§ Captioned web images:

-- Opening Marker --

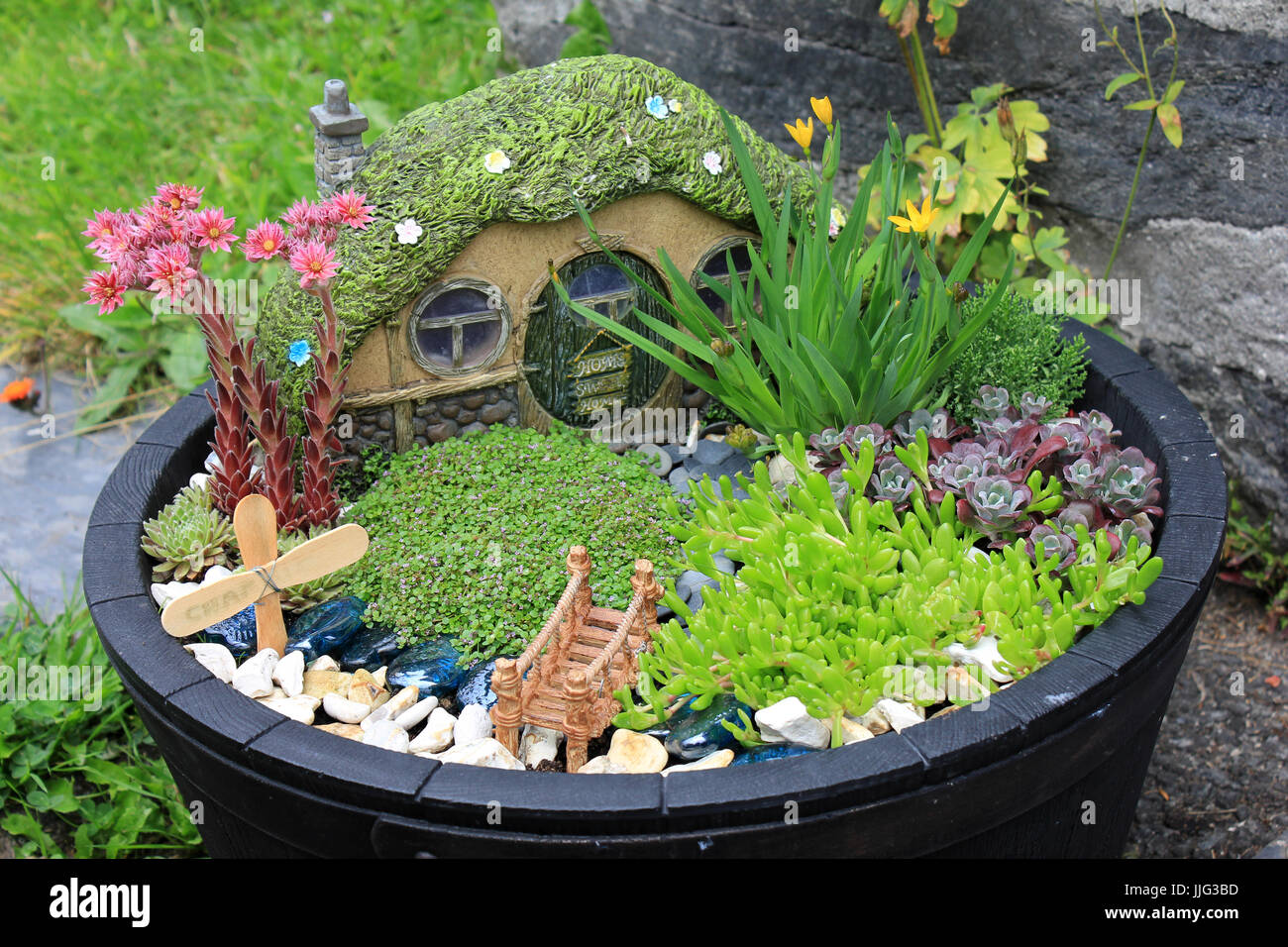 Amusing Fairytale Rockery Garden in Patio Tub Stock Photo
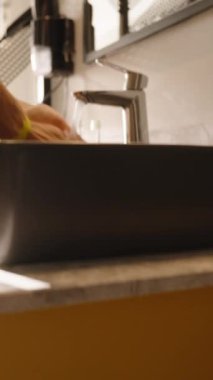 Dikey video. Çağdaş bir banyo ortamında temizlik ve temizliği vurgulayan, parlak siyah bir lavaboda ellerini yıkayan bir kadının yakın çekimi..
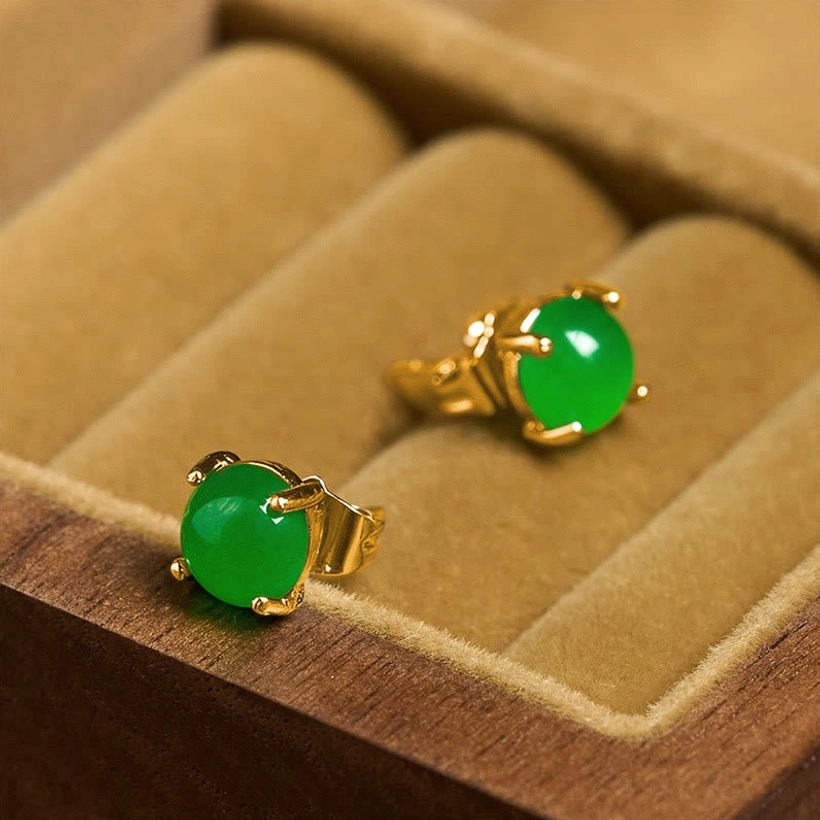 Pair of jade stud earrings in 925 sterling silver gold setting displayed in velvet jewelry box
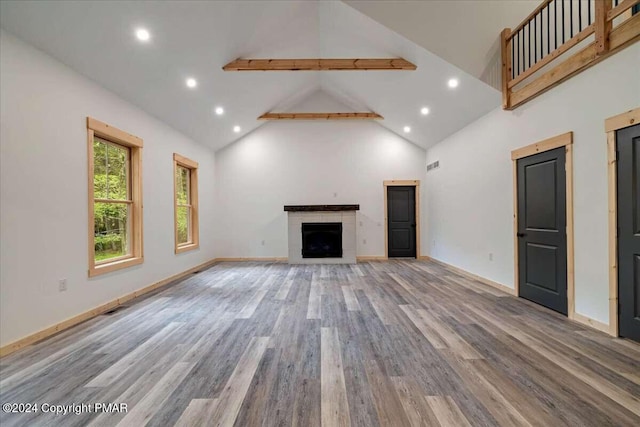 unfurnished living room featuring wood finished floors, baseboards, high vaulted ceiling, recessed lighting, and a fireplace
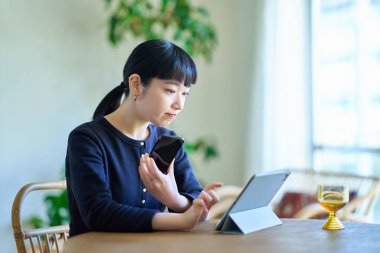 Odadaki bilgisayarla akıllı telefonu karşılaştıran genç bir kadın.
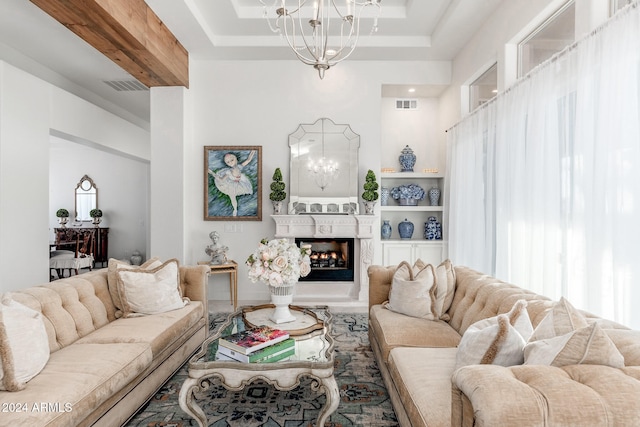 living room featuring an inviting chandelier and a raised ceiling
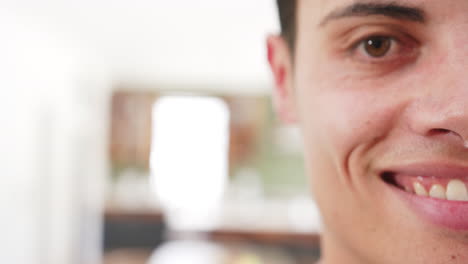 Half-portrait-of-happy-biracial-man-smiling-in-living-room-at-home,-copy-space,-slow-motion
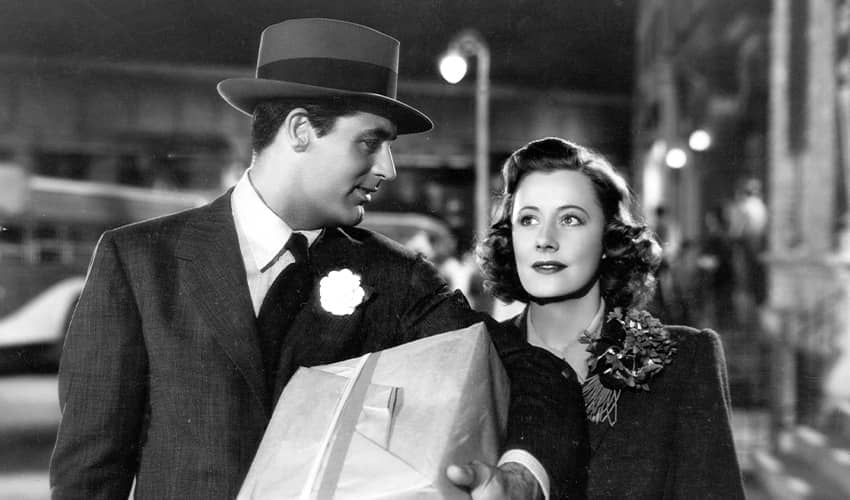 Two people walking at night, one holding a large paper-wrapped package.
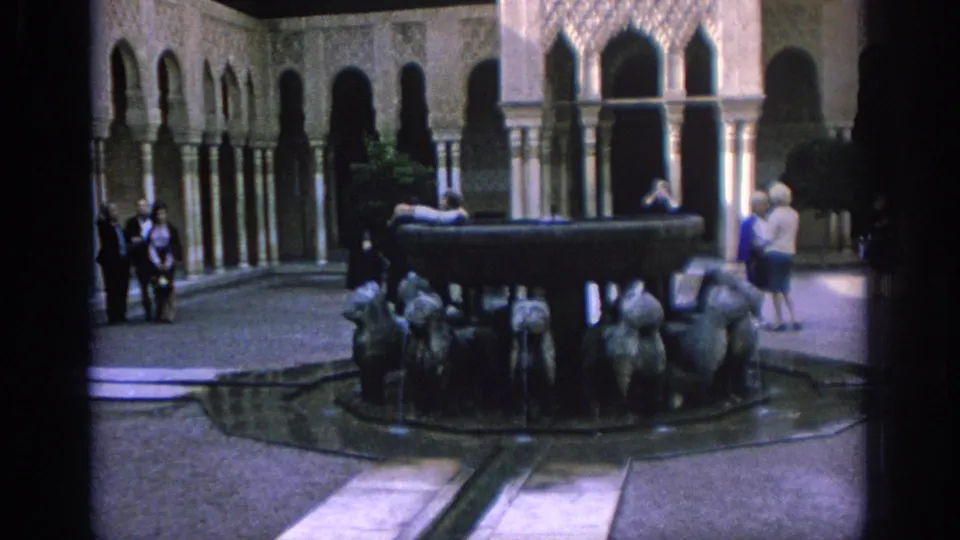 1966 Spain frame showing a courtyard fountain with sculpted animal figures, visitors nearby, and ornate arched colonnades in the background.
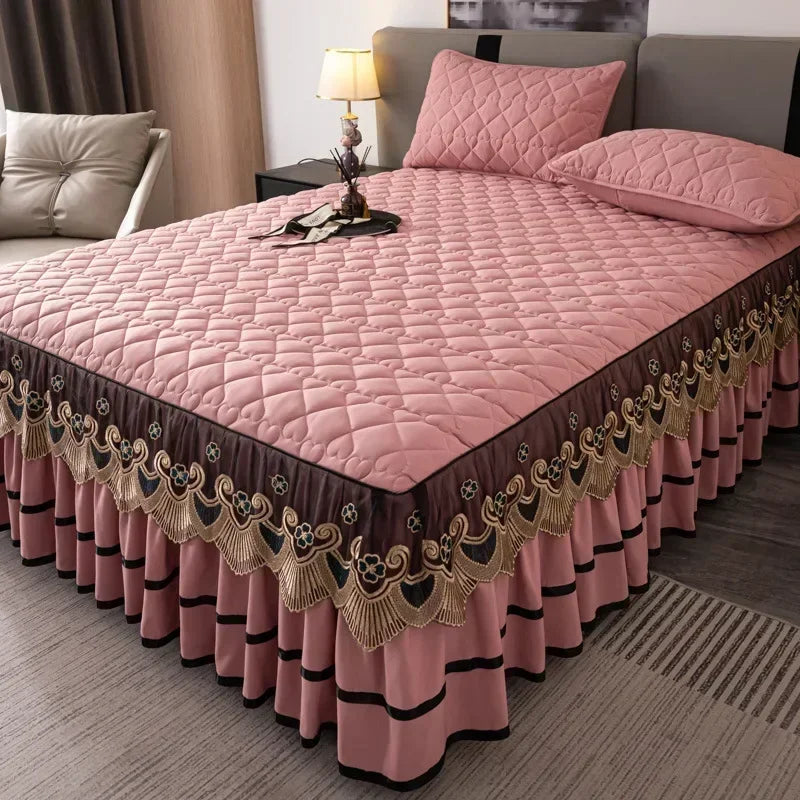 Pink quilted bed skirt with gold embroidery and ruffled hem on a bed.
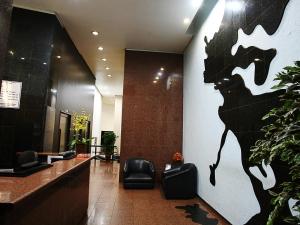 Uma TV ou centro de entretenimento em Cheverny Apart Hotel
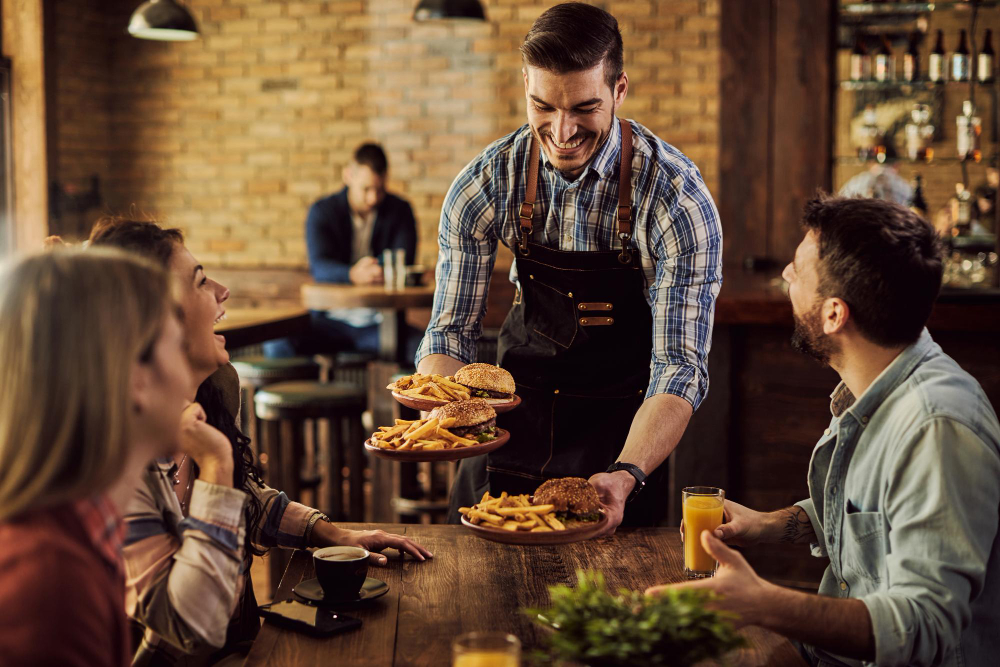 A waiter delivering burgers to customers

-- Closing Marker --

All pictures are to be skipped; the lines from the first line of the records through the line containing "Dikey video. Çağdaş" are to be repeated exactly, both ends included.

 Amusing Fairytale Rockery Garden in Patio Tub Stock Photo
 Dikey video. Çağdaş bir banyo ortamında temizlik ve temizliği vurgulayan, parlak siyah bir lavaboda ellerini yıkayan bir kadının yakın çekimi..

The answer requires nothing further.